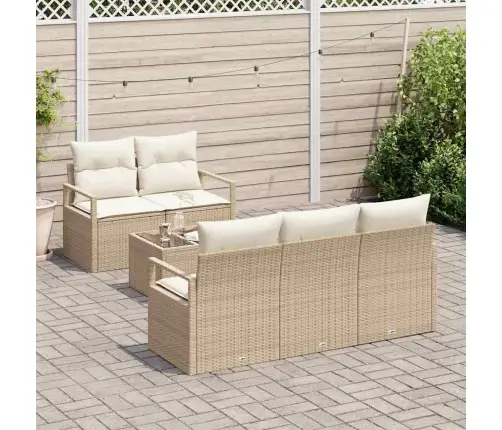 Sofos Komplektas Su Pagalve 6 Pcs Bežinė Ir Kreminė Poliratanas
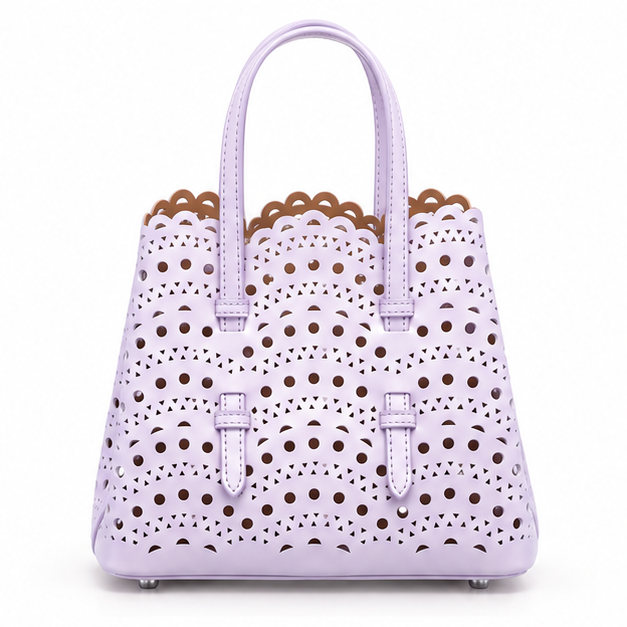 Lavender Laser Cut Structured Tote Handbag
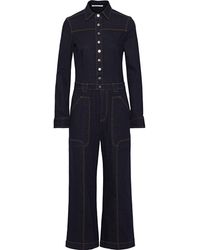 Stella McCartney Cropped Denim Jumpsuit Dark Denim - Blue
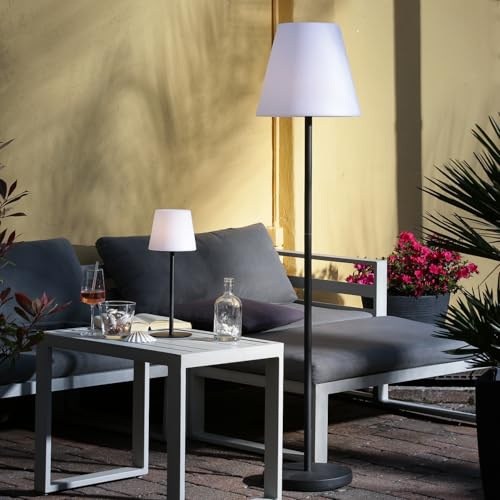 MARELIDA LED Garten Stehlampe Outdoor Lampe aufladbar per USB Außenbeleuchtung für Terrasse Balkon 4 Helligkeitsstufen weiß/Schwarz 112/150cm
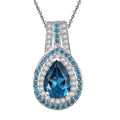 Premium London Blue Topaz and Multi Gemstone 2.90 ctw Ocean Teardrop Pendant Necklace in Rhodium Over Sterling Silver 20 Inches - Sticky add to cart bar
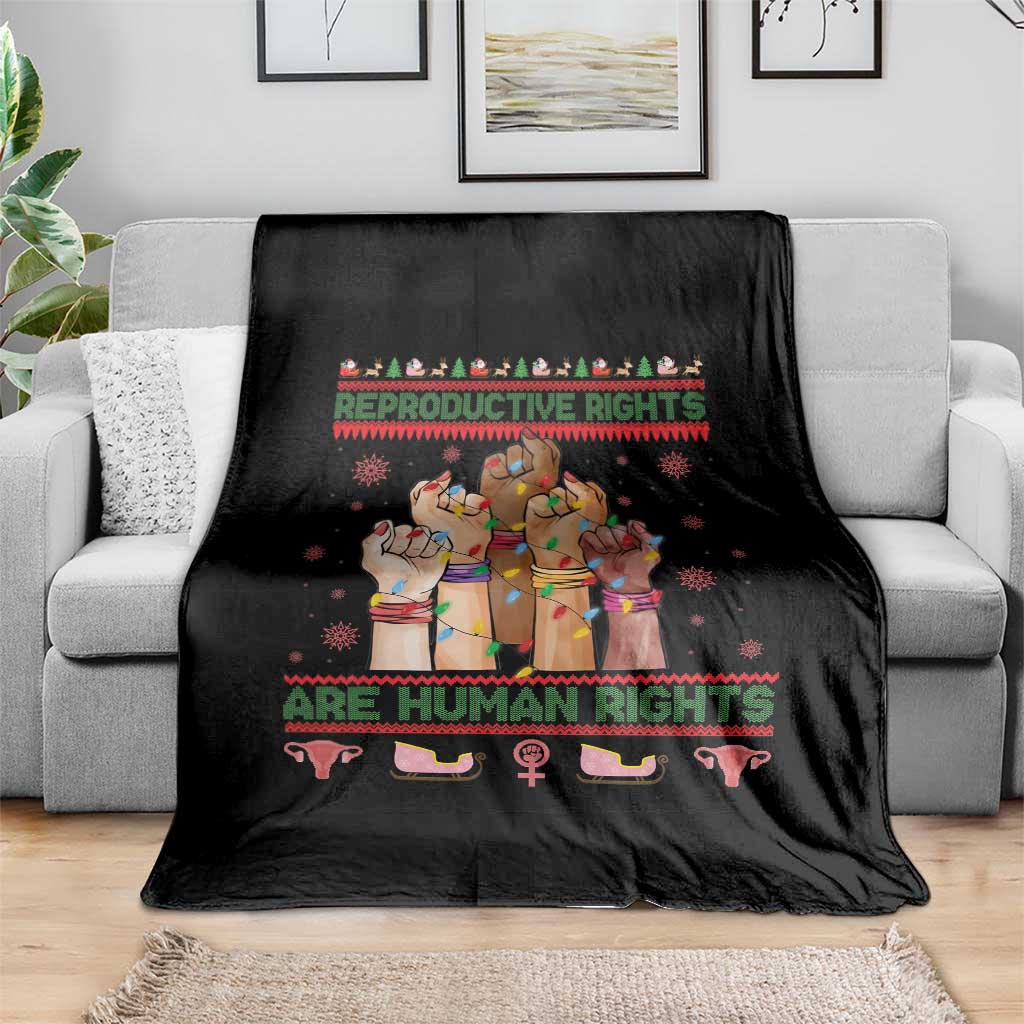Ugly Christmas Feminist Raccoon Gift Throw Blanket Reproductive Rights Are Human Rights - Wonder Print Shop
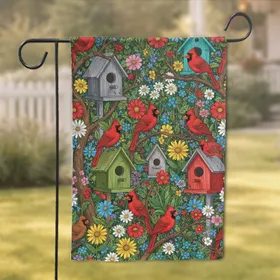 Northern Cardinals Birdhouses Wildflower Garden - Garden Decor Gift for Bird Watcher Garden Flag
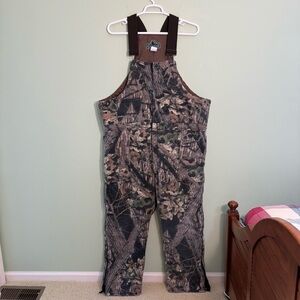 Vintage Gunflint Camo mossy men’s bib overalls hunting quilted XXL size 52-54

### Task prompt
Leave out the pictures and print every line of the data exactly.

### Written response
 Sofos Komplektas Su Pagalve 6 Pcs Bežinė Ir Kreminė Poliratanas
 Lavender Laser Cut Structured Tote Handbag
 Stella McCartney Cropped Denim Jumpsuit Dark Denim - Blue
 MARELIDA LED Garten Stehlampe Outdoor Lampe aufladbar per USB Außenbeleuchtung für Terrasse Balkon 4 Helligkeitsstufen weiß/Schwarz 112/150cm
 Premium London Blue Topaz and Multi Gemstone 2.90 ctw Ocean Teardrop Pendant Necklace in Rhodium Over Sterling Silver 20 Inches - Sticky add to cart bar
Ugly Christmas Feminist Raccoon Gift Throw Blanket Reproductive Rights Are Human Rights - Wonder Print Shop
 Northern Cardinals Birdhouses Wildflower Garden - Garden Decor Gift for Bird Watcher Garden Flag
 Vintage Gunflint Camo mossy men’s bib overalls hunting quilted XXL size 52-54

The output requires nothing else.